Deep down I have a burning desire to be a performer. Perhaps, one day I will be one but for now I’m enjoying learning from these brilliant women. Featured above is a five minute video about provocative performer Adrienne Truscott new fringe arts show called, “Asking For It – A One-Lady Rape About Comedy Starring Her Pussy And Little Else!” I unfortunately did not get a chance to see this performance but a classmate gave an excellent presentation on it. The video is really worth a watch. From what I’ve seen and heard, I applaud Miss Truscott’s audacity, wits, brilliance and vision. She is changing the conversation while helping people laugh and heal. One day I hope to see her show.
Below are two quotes I pulled out from an interview with Adrienne Truscott.
On Rape: “Years and years before, in college, in a literature course about race, class and gender, a male professor tried to get us going by bringing in all these statistics, like, “You think it was bad back then when you’re reading this 19th century women’s literature books, but is it any different now?” One of the statistics was, “two in five women are sexually assaulted.” And there were about 10 people in the room, most of whom were women. With like two guys and him. And as a way to shock us, he was like, “I mean, that means up to four women in this room right now have been raped. How does that make you feel?”

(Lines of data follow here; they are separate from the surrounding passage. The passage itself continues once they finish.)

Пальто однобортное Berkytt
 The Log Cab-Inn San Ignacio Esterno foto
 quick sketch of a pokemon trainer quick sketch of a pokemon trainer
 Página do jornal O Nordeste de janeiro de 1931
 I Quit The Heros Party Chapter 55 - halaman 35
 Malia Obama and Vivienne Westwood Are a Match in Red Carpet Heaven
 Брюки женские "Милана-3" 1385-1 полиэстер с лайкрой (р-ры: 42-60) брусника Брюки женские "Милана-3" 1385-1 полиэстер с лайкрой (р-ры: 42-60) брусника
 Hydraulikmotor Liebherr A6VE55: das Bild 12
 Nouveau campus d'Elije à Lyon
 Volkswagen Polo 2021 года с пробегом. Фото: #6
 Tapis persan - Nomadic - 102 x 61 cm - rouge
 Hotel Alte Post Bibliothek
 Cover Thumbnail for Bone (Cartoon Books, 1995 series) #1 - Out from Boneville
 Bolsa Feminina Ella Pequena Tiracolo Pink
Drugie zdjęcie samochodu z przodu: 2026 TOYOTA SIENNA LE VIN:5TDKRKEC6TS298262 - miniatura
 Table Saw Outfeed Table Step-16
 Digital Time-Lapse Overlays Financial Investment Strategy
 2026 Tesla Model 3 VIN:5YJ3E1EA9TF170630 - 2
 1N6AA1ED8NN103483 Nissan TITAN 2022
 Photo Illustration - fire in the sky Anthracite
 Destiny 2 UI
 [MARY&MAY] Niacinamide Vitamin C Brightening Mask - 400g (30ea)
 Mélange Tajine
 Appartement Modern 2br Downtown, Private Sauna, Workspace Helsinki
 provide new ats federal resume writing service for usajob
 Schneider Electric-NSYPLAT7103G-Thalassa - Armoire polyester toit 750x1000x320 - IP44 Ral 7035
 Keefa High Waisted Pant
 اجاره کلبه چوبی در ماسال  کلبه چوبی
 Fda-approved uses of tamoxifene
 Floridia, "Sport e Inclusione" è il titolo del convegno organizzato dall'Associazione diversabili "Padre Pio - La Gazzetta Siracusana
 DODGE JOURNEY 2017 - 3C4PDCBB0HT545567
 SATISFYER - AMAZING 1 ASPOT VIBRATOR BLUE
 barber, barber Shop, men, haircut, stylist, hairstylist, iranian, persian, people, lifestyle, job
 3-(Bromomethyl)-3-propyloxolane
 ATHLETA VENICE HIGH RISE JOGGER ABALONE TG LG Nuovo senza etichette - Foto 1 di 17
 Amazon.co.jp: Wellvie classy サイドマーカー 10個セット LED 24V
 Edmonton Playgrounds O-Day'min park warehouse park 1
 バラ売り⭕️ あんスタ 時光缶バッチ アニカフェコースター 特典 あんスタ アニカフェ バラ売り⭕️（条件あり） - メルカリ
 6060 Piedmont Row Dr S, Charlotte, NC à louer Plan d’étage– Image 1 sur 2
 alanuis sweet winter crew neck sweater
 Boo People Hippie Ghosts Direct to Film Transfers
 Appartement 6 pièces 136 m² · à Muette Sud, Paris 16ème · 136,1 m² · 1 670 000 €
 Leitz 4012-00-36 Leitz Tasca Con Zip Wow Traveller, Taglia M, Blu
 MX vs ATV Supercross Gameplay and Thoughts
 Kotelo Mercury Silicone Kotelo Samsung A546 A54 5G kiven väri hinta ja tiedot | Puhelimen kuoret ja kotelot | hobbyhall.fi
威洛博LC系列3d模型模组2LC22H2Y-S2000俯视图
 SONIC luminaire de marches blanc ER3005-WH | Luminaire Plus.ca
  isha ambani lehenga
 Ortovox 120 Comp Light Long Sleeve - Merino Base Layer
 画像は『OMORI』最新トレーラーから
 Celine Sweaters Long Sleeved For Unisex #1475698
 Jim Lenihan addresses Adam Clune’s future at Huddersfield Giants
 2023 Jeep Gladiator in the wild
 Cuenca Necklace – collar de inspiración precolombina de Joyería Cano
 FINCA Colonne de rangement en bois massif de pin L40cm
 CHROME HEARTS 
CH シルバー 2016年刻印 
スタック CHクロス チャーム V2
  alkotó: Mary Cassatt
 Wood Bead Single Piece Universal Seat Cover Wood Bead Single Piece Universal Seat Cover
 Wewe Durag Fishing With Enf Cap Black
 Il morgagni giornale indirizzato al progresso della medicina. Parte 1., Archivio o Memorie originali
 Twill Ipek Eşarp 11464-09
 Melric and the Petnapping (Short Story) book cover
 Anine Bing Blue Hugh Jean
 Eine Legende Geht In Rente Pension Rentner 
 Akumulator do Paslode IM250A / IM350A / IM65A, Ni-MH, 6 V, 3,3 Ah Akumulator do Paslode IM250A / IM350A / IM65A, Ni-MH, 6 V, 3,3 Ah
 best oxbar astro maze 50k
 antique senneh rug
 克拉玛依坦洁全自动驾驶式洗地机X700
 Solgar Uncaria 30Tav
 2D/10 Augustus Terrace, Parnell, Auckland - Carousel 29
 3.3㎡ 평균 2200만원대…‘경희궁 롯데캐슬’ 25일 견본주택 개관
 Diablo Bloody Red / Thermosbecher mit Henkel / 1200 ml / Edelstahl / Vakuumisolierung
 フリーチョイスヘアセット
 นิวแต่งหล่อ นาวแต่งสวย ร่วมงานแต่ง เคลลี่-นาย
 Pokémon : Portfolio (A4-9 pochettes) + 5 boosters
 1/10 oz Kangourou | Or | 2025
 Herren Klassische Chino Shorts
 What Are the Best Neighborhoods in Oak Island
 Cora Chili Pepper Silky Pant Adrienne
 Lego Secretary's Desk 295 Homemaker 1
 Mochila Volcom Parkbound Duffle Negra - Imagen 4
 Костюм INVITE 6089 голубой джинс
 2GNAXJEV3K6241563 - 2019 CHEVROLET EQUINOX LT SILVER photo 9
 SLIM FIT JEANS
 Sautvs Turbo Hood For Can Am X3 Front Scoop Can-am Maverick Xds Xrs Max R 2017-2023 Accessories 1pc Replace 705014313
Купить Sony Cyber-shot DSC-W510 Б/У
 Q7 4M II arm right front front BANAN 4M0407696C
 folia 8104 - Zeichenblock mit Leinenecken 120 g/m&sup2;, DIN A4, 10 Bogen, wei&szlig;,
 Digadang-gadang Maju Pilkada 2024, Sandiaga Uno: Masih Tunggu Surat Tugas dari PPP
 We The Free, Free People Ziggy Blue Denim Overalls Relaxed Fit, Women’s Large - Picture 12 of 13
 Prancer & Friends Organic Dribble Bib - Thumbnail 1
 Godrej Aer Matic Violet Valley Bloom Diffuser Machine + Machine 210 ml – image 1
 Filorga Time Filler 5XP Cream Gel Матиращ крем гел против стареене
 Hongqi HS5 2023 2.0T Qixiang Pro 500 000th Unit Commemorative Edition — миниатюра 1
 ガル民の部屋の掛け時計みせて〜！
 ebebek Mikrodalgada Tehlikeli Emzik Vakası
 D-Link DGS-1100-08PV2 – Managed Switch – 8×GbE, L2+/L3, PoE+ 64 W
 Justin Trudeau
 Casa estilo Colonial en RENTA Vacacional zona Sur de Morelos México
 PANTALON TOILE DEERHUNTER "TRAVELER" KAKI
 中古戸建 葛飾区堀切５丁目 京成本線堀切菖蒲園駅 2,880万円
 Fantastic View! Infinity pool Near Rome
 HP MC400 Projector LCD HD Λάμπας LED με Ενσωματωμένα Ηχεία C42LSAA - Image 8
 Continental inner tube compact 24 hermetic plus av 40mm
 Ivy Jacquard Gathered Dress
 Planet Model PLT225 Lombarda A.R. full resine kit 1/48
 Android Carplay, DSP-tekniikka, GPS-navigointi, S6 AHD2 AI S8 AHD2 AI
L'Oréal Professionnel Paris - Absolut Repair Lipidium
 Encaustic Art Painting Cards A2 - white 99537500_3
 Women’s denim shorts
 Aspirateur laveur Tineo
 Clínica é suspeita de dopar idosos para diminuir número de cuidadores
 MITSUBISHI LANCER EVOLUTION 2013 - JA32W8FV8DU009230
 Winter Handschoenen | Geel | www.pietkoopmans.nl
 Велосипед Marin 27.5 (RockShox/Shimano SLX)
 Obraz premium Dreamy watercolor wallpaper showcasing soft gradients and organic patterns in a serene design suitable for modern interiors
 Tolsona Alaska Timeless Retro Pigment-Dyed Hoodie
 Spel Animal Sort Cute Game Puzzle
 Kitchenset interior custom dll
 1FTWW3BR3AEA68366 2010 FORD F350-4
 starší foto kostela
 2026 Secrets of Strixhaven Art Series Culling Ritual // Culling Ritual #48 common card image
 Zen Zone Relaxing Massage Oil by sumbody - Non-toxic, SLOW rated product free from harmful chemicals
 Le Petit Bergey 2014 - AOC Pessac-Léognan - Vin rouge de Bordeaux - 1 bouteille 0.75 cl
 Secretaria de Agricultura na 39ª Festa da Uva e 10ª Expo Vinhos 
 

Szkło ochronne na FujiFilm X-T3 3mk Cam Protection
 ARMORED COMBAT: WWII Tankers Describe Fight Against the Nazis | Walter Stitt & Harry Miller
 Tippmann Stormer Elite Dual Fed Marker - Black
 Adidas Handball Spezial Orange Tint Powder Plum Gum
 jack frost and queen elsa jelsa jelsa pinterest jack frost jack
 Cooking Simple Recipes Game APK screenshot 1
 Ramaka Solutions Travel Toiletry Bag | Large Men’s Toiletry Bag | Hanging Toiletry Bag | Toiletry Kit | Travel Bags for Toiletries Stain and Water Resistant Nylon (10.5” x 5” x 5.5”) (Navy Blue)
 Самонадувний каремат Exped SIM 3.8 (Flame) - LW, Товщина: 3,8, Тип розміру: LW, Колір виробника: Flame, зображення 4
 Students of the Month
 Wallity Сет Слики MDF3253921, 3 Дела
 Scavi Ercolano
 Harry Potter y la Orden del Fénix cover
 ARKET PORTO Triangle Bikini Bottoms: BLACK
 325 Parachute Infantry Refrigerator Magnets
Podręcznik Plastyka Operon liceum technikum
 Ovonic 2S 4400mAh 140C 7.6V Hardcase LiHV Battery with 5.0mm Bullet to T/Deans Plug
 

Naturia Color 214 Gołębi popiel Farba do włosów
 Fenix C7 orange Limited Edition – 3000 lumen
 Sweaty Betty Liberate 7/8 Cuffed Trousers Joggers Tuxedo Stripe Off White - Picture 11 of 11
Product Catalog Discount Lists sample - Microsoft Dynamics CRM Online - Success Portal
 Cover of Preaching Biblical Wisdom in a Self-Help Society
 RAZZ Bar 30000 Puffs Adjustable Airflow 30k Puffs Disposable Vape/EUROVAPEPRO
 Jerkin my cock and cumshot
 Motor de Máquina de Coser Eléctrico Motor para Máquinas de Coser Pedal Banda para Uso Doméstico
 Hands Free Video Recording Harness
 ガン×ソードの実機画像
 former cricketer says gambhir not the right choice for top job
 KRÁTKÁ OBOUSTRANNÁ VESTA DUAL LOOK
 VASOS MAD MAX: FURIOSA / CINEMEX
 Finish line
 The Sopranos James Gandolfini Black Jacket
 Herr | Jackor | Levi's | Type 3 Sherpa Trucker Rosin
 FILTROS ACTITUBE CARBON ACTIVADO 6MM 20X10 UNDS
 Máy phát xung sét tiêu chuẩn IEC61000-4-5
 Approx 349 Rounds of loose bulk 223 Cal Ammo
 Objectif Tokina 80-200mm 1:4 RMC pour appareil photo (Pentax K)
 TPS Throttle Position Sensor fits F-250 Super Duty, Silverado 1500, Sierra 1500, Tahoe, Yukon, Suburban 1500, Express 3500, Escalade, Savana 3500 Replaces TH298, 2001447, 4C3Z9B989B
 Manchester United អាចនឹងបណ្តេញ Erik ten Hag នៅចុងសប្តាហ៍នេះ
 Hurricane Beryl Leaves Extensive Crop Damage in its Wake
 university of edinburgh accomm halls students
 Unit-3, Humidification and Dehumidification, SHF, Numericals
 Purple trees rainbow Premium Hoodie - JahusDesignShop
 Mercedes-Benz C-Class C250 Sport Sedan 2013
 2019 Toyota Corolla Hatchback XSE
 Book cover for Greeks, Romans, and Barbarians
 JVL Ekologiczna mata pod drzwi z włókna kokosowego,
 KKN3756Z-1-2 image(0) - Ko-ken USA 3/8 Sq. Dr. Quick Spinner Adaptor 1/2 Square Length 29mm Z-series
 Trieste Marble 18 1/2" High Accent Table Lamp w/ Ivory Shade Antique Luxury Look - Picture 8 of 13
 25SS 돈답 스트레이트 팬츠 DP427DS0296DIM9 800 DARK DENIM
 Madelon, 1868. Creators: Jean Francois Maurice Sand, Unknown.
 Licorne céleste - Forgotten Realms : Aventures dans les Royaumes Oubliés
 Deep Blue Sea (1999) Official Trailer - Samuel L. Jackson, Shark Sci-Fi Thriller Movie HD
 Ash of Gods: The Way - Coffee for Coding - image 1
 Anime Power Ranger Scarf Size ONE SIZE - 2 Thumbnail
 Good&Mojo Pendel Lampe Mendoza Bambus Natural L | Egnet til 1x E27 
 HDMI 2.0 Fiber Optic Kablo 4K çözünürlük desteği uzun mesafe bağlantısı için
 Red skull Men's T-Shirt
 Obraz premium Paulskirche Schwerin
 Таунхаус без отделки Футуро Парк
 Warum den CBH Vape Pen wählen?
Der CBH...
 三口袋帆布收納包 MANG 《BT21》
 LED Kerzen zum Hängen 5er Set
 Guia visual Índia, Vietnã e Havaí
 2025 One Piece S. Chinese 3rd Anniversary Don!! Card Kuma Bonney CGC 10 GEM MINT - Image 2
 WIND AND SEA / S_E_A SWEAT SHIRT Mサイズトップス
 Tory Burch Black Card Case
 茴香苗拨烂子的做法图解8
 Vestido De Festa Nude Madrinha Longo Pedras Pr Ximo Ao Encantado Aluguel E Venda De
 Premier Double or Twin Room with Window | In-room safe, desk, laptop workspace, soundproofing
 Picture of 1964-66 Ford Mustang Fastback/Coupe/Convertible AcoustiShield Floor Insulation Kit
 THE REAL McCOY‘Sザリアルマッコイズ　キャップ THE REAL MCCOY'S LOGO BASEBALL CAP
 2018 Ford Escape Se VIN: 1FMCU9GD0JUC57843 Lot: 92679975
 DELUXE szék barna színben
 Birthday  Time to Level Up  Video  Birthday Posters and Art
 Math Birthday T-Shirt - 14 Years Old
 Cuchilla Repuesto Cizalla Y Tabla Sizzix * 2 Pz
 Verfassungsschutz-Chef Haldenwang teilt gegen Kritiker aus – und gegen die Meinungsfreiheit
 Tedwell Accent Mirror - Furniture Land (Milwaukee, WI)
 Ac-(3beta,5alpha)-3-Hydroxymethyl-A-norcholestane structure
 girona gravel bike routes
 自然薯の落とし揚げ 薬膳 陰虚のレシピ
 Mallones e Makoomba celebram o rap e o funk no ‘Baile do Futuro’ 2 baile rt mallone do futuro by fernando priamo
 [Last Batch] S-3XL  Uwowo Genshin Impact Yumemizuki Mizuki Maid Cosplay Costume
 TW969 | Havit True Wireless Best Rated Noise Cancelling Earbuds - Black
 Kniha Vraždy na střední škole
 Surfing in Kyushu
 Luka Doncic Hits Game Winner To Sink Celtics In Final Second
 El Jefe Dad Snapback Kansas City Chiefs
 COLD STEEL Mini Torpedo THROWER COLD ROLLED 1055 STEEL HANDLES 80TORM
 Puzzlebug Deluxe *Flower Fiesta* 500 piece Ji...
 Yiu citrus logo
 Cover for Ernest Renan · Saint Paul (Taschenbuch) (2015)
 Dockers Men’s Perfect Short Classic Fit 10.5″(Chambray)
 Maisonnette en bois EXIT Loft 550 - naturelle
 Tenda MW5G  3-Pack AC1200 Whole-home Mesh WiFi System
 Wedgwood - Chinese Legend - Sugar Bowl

I got so angry, and all of a sudden everyone was looking at us like potential rape victims. Some of us were, statistically or not, and the fact that the focus was on us in that moment got me so annoyed. I was like, “I’ll tell you how I feel. There’s two guys, and you, so which one of you is a rapist? Cause if we’re talking about this room, one of you had to do it, cause you can’t rape yourself. How do you feel?” That was a turning point for me.”
On Nudity: “Sometimes the statement itself is so revealing! I don’t have to do it to get attention, but I’m smart enough to know that it will get me attention. I very clearly exploited my sexuality for marketing purposes. I knew what I was doing with the photograph I put out there. I hoped that I was attracting a group of four guys out for a night, who are like, ‘There’s a lady with her pants off for free at 10 o’clock. What’s to lose?’ Those are the people I want at my show.”